Family law reform in Tunisia
Tunisia’s parliament took another step towards gender equality this week by adopting a law that allows women to travel with their minor children without authorization from the children’s father. The World Bank finds that reforms to family law---which governs divorce, inheritance, child custody, and, in some cases, proper identification documents–-are correlated with more girls attending secondary school, more women running businesses, and a closing of the gender wage gap. The recent changes in Tunisia and neighboring Morocco have demonstrated that progressive family law is achievable in Muslim-majority countries and can coexist with Islamic courts. Since the 2011 adoption of a new constitution post-Arab Spring, Tunisia has also set a regional example for women’s inclusion in national politics: quotas for candidate lists in national elections have resulted in a steady rise of women in parliament, and Tunisia became the first country in the region to lift all restrictions on the Convention on the Elimination of All Forms of Discrimination against Women (CEDAW) in 2014.
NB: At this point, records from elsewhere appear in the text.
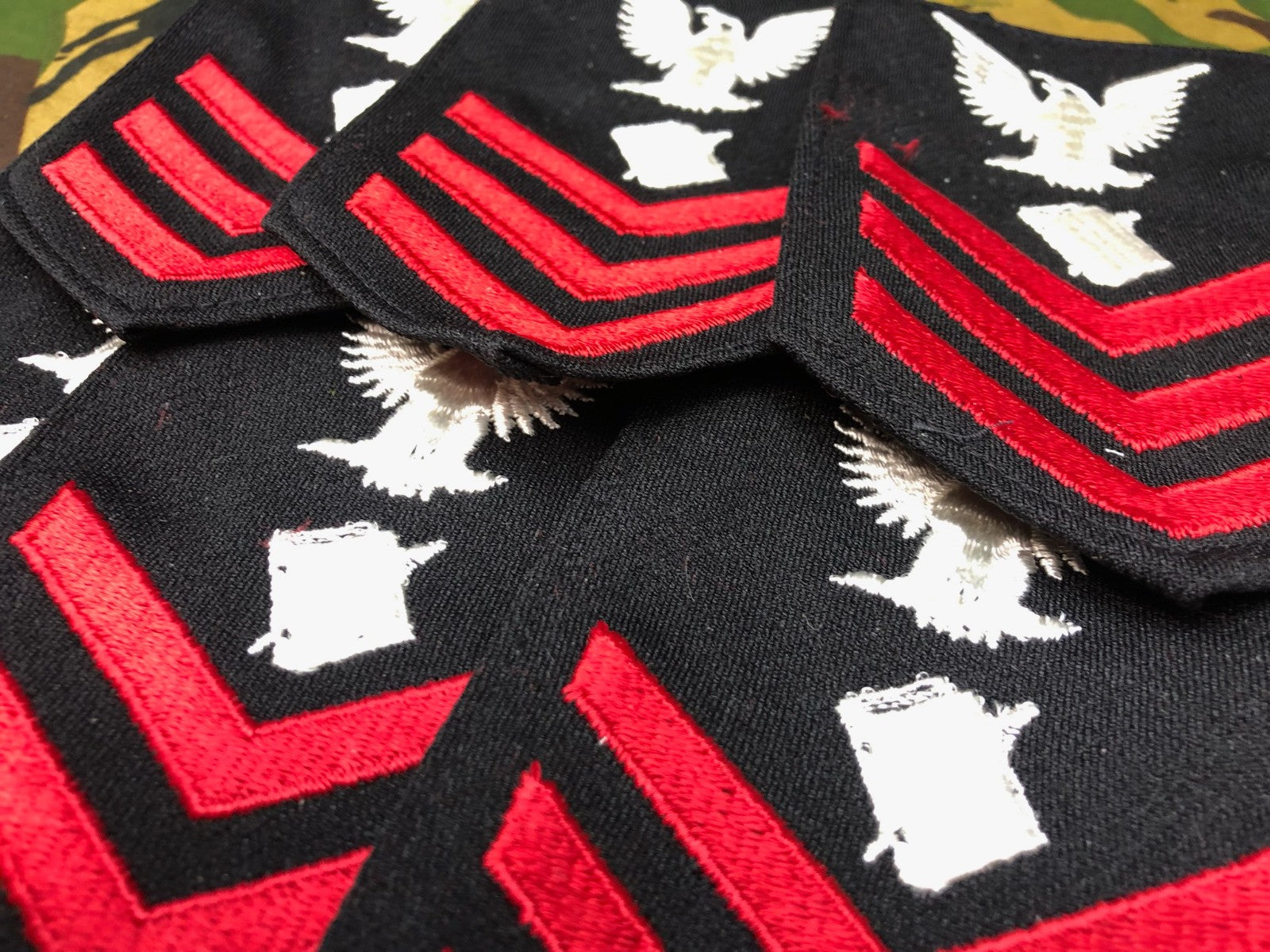 Genuine US Navy Personnel Specialist Patch / Badge - The Militaria Shop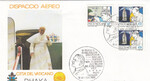 Bangladesh - Wizyta Papieża Jana Pawła II 1986 rok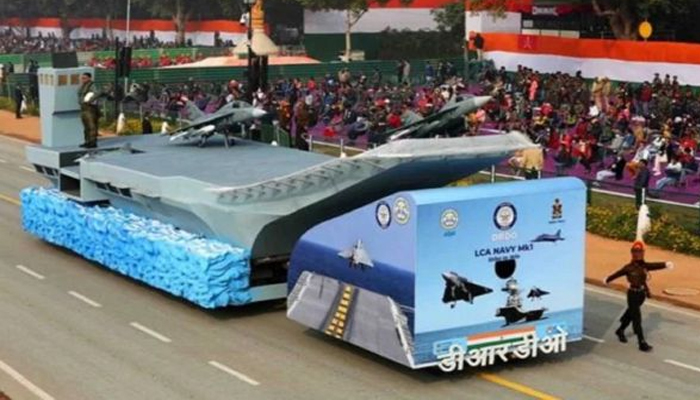 गणतंत्र दिवस परेड में DRDO की दो झांकियां, इस खास मिसाइलों की दिखेगी झलक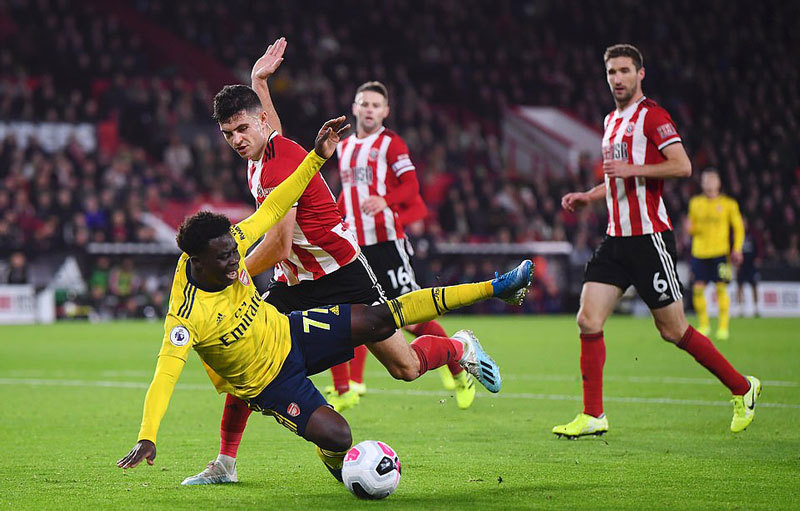 Kết quả bóng đá hôm nay 22/10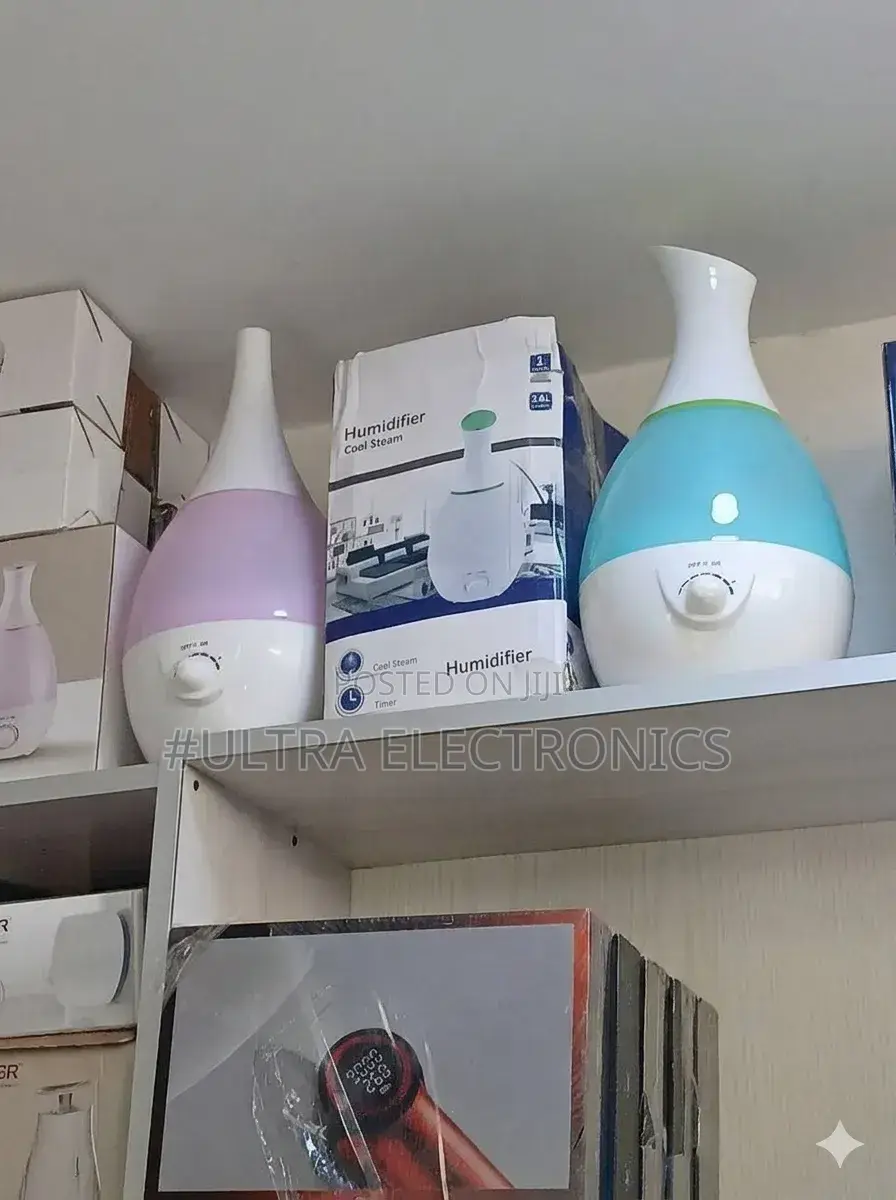 Humidifier – Fresh Air Comfortable Home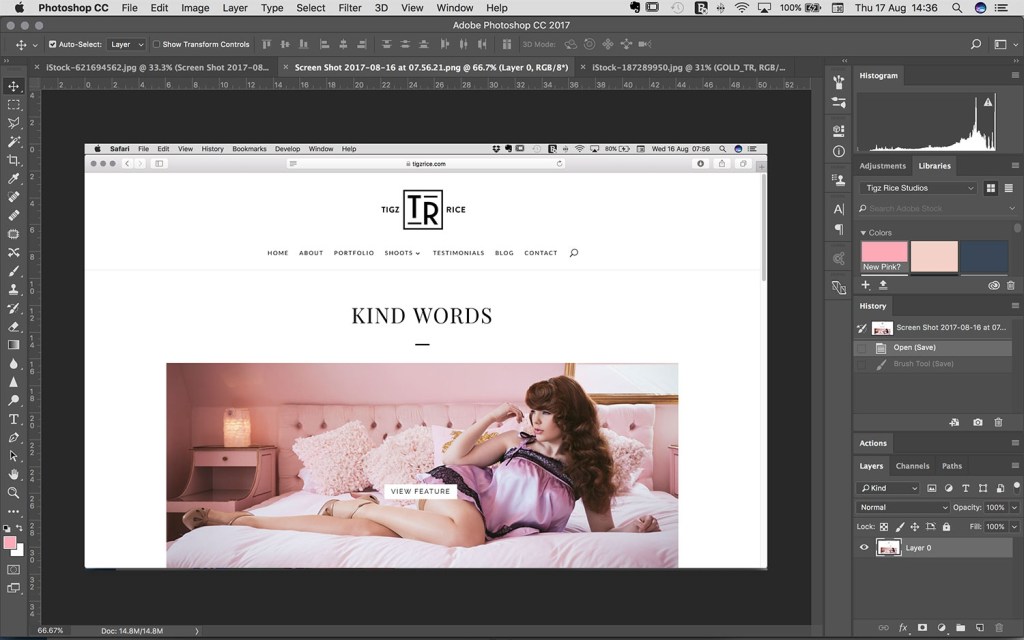 34+ Download Photoshop How To Make A Mockup Psd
New risk report highlights role of women in food security
The WorldRiskReport 2015, a comparative evaluation of global food security and disaster risk in 171 countries, was released this week. It cited hotspot regions of risk in Oceania, Southeast Asia, Central America, and the Southern Sahel—where the majority of the so-called V20 (most vulnerable) countries lie—and noted that women and children in these areas are especially vulnerable. However, the report also stressed the positive role that women can play in building food security in their communities. This adds to the wealth of existing research on investment in women and girls in agriculture.